Il importe cependant de souligner qu’une telle approche ne s’applique pas à tout type de programmation. Bloxham souligne entre autres que «les contenus scénarisés ne se prêtent pas à ce genre d’initiative. Par contre, divers formats non scénarisés peuvent très bien convenir, et les auditoires s’y sont d’ailleurs montrés très réceptifs».
Bloxham ajoute que «les émissions déjà solidement établies qui tentent de modifier leur format pour assurer leur survie seront inévitablement confrontées au jeu de la comparaison. Si leur auditoire est habitué à un niveau de qualité très élevé et qu’on leur offre un produit spectaculaire, c’est à cela que devra se mesurer toute intégration d’éléments moins léchés — et les téléspectateurs pourraient ne pas y être très réceptifs».

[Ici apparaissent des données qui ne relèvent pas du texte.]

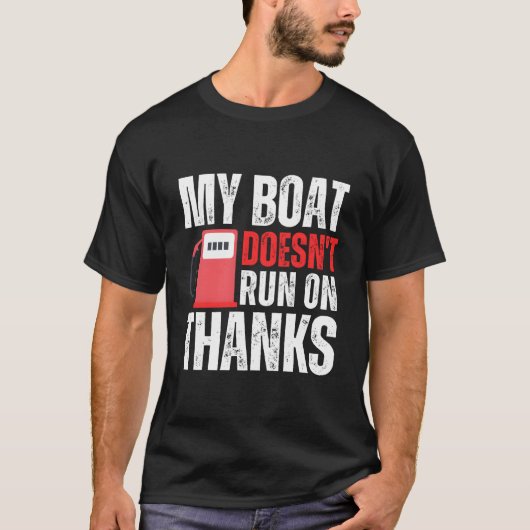 T-shirt Mon Bateau Ne Fonctionne Pas Grâce À Un Bateau Drô (Devant)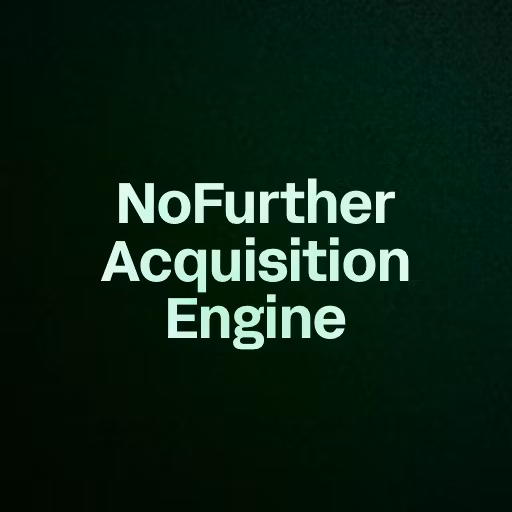 NoFurther Acquisition Engine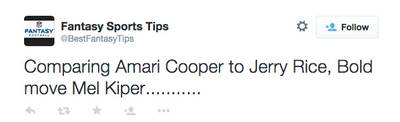 Fantasy Sports Tips @BestFantasyTips - High praise for Amari Cooper being compared to Hall of Fame wideout Jerry Rice before even playing a single NFL game. (Photo: Fantasy Sports Tips via Twitter)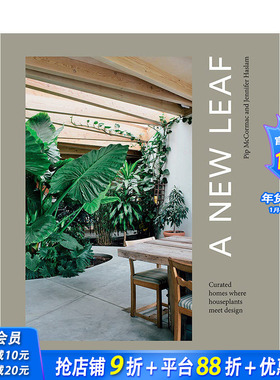 【预售】新叶:当绿植与设计在室内相遇A New Leaf:Curated Houses Where Plants Meet Design 英文原版进口现代时尚住宅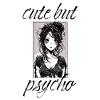 cute but psycho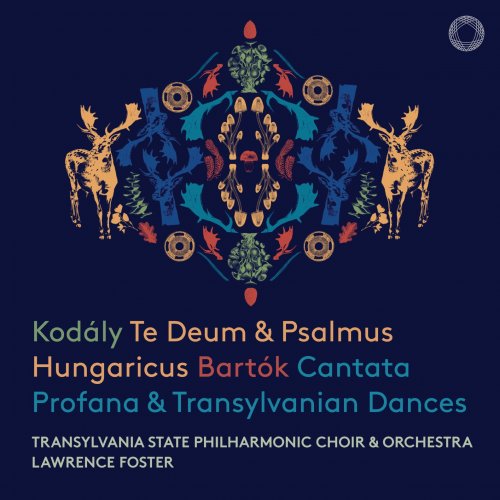 Transylvania State Philharmonic Orchestra, Lawrence Foster - Kodály: Te Deum, Psalmus Hungaricus - Bartók: Cantata Profana, Transylvanian Dances (2023) [Hi-Res] [Dolby Atmos]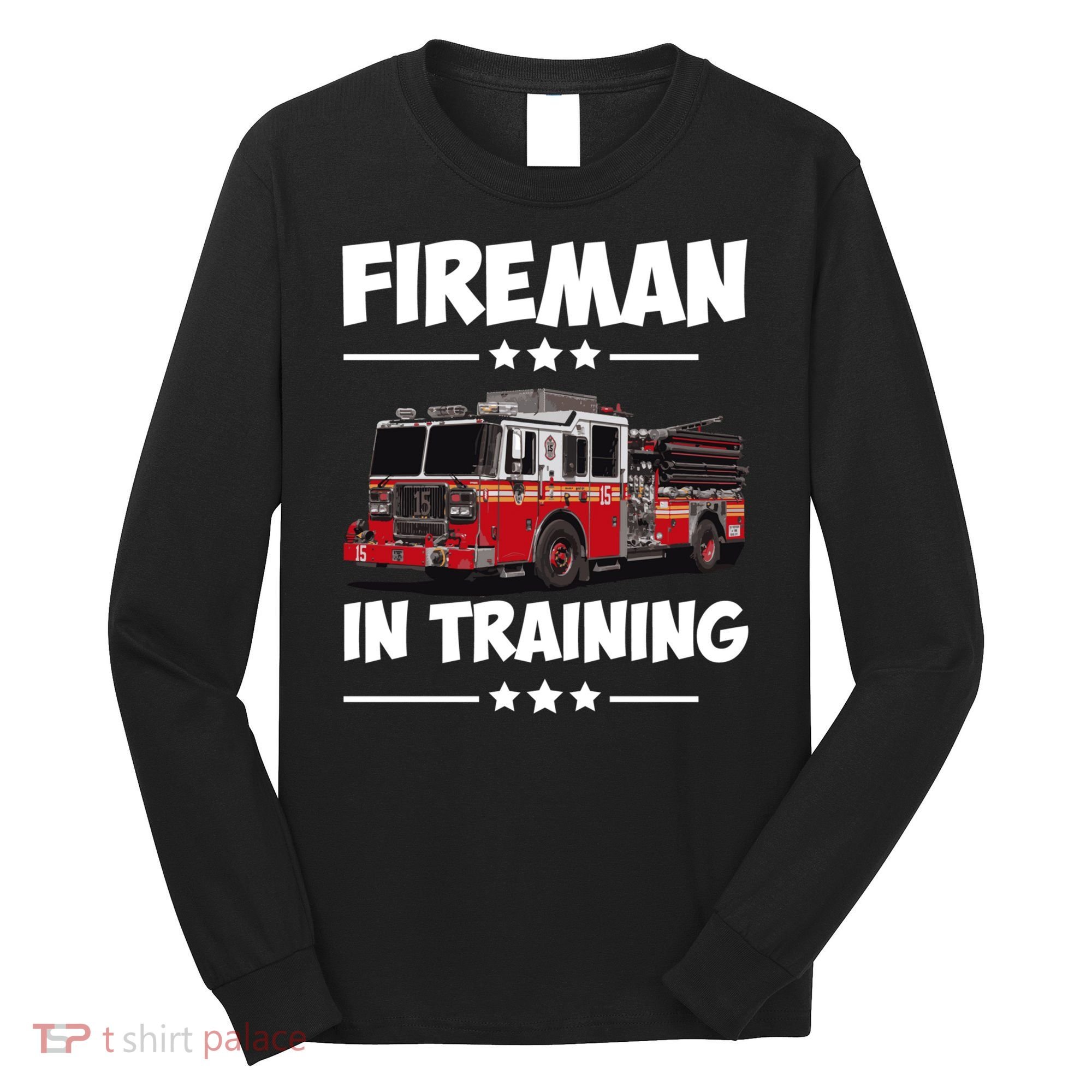 FIREMAN IN TRAINING for boy and girl Long Sleeve Shirt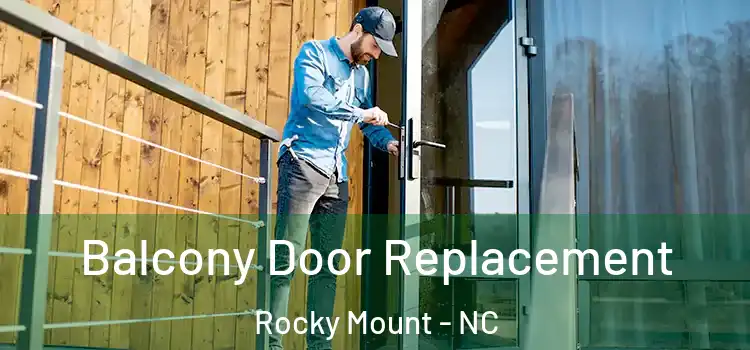  Balcony Door Replacement Rocky Mount - NC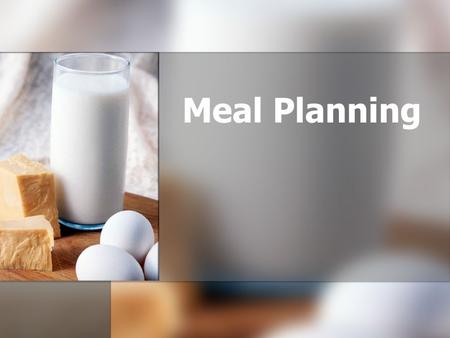 Meal Planning. A good meal will: 1. Follow the American Dietary Guidelines 2. Follow My Plate 3. Maintain nutritional balance 4. Incorporate aesthetic.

Afin d’assurer une impression d’authenticité, il importe que le style de production privilégié soit naturellement adapté au contenu. Un exemple serait d’intégrer à une compétition musicale télévisuelle d’envergure des images des participants ayant filmé eux-mêmes leur audition chez soi. Toutefois, si ce qui attire l’auditoire est le fait d’assister à de belles performances livrées devant un public enthousiaste, les créateurs de l’émission doivent s’assurer de combler ces attentes. Ainsi, il paraît beaucoup plus naturel et authentique de voir l’animateur Stephen Colbert livrer le monologue d’ouverture de son émission The Late Show vêtu d’un complet cravate et allongé dans son bain, que d’assister à la grande finale d’American Idol… tournée chez chacun des concurrents.
Miser sur l’authenticité pour accroître la rentabilité
Selon Bloxham, «les deux piliers que sont la fidélisation du public et les budgets réduits» assureront le maintien des styles de productions «tourné chez soi» bien au-delà de la pandémie.

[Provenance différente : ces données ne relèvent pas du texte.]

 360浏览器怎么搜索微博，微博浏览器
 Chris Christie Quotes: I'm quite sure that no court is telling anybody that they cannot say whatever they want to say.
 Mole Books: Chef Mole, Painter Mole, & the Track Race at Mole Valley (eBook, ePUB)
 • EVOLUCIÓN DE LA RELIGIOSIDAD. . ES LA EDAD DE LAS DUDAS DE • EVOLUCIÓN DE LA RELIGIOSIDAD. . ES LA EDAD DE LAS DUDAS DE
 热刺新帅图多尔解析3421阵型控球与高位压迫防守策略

Les directives sanitaires imposées pour assurer la reprise des tournages viendront hausser les coûts de production, phénomène qui s’étendra également à la production de contenu de marques. Ces derniers cherchent à s’assurer que leurs messages et les plateformes sur lesquelles ils sont diffusés soient le plus attrayants, appropriés et authentiques possible. Or, le style de production «tourné chez soi», autant que l’intégration de la marque à même ce type de produit télévisuel, favorise une plus grande fidélisation de l’auditoire, particulièrement celui fort prisé des 18-49 ans, et ce, à moindre coût — ce qui permet d’accroître la rentabilité.